Originally Hammacher Schlemmer sold primarily tools, from files and saws to more complicated machinery like the Lougee hair picker (a cotton gin-like machine for combing horsehair used in upholstery stuffing). By the 1900s the company had expanded to offer specialized tools for automotive, piano-building, and other trades; in the 1930s the company began to transition from hardware to housewares and general retail merchandise.
Hammacher Schlemmer maintained a store in the Bowery (and later branched to Chicago and Los Angeles), but an increasing percentage of sales came from its catalog operation. In the early days the catalogs doubled as selling aids for sales agents. They developed a reputation for detailed, useful print and finely rendered line drawings, as seen in this catalog entry for the Lougee hair picker:
With the transition to household goods (kitchen gadgets, furniture, cleaning implements and the like; a separate catalog for gourmet food products began in the 1930s) the catalog layouts shifted from line drawings to black-and-white (and later, color) photography. The catalogs for the centennial years 1947-1948 featured whimsical pastel drawings in color. By 1977 the catalogs would shift to an all-color layout.
The hardware line was dropped in the mid-1950s, and Hammacher Schlemmer turned to feature more high-end luxury goods, curated from other manufacturers’ items, as well as those developed by its own subsidiary, Invento, which was established in 1962. In 1983, the company established another subsidiary, Hammacher Schlemmer Institute, that focused on product testing and comparisons among competing products (similar to testing performed by groups such as Consumer Reports), later adding a Consumer Testing Panel for end-user testing and evaluation. In 1986, Hammacher Schlemmer began online sales in addition to its mail-order catalog operation. It joined SkyMall in 1991 as a charter member, advertising its products to airline passengers on U.S. domestic and selected international routes.
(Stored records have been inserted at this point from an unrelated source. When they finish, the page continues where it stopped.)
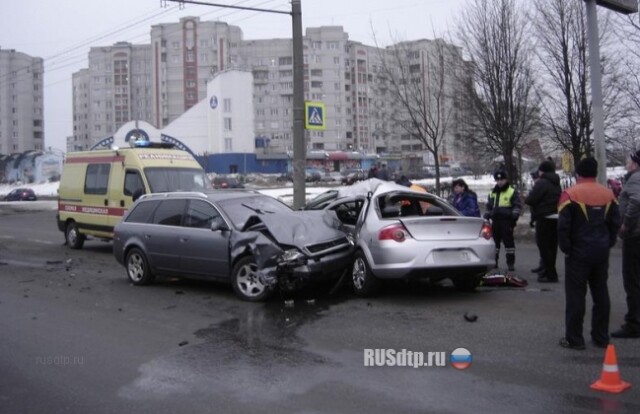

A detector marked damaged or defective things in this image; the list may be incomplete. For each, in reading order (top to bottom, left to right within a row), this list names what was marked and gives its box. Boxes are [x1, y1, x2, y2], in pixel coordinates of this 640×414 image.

shattered windshield [144, 167, 211, 193]
shattered windshield [218, 196, 292, 231]
damaged gray station wagon [112, 190, 352, 300]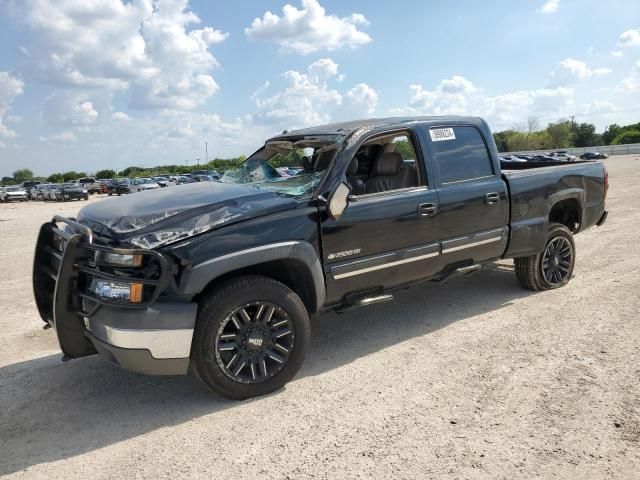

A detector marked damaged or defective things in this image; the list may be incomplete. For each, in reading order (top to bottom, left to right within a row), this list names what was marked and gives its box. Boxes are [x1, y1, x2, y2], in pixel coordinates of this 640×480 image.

shattered windshield [220, 134, 342, 198]
damaged hood [77, 180, 298, 248]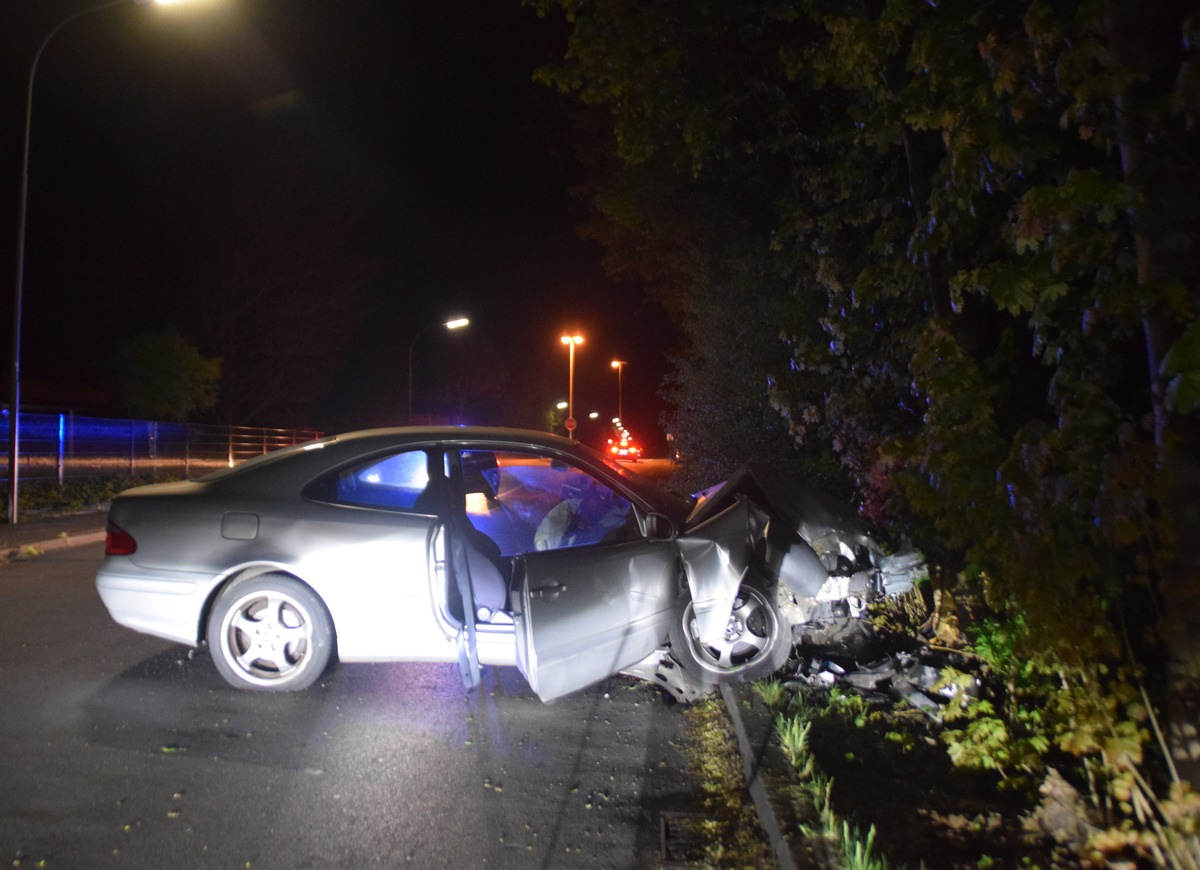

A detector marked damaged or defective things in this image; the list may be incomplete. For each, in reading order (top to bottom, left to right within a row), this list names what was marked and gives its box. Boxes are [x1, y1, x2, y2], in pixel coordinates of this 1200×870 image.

crashed silver mercedes [98, 430, 928, 700]
severely damaged front end [660, 464, 924, 696]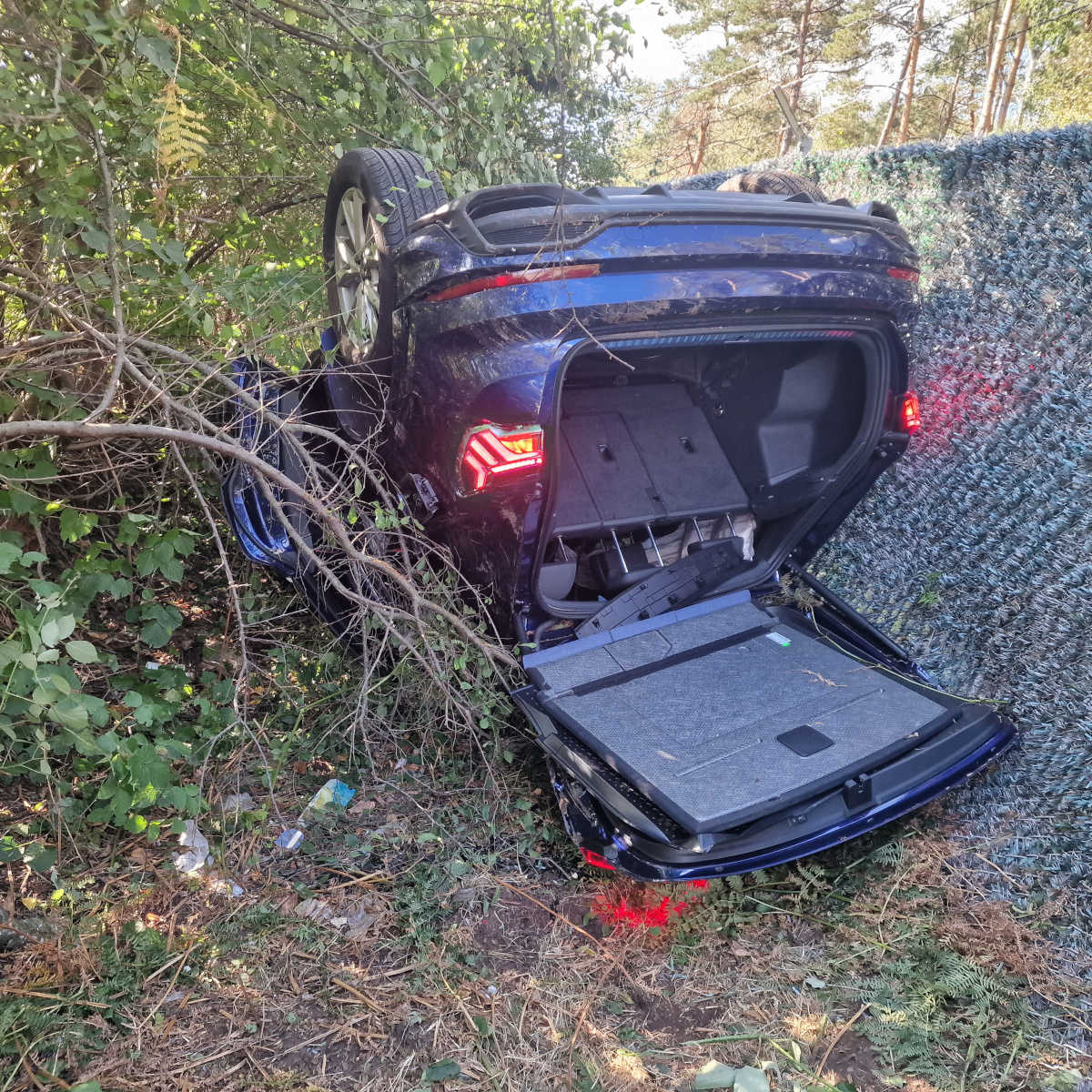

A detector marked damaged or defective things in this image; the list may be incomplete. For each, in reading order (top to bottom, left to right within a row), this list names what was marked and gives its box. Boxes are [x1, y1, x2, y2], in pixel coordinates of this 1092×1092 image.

crashed vehicle interior [222, 147, 1012, 877]
overturned blue car [222, 147, 1012, 877]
The catalogs featured a wild variety of products at every price point: slipper socks ($34.95); a walking stick with a built-in telescope ($89.95); a single-serving coffee maker ($199.95); a bamboo Tiki bar ($499.95); a leather chair in the shape of a baseball glove ($6,200); a full-scale working replica of the original 1966 Batmobile ($200,000); and a two-person fully functional electric submarine ($1.5 million). These products lived side-by-side in the page layouts of the catalog, a million-dollar submersible or a $65,000 robot next to entries for compression socks, garden hoses, and pens.
Along the way, Hammacher Schlemmer was instrumental in introducing a number of household items that started out as novelties and moved into mainstream popularity: pop-up toasters (1931); electric shavers (1934); steam irons (1948); telephone answering machines (1968); Mr. Coffee (1973); and the Cuisinart (1977), to name a few. Hammacher Schlemmer’s status as an American cultural icon is evidenced through parodies of the company’s catalog offerings that appeared in places such as the pages of Readers Digest and on the Family Guy television cartoon.
The Hammacher Schlemmer records should be available for researchers in the Rubenstein Library by late 2025. The collection offers a rich resource for scholars interested in topics as varied as advertising history; direct marketing; catalog design; line art; and the evolution of a historically important American retail establishment.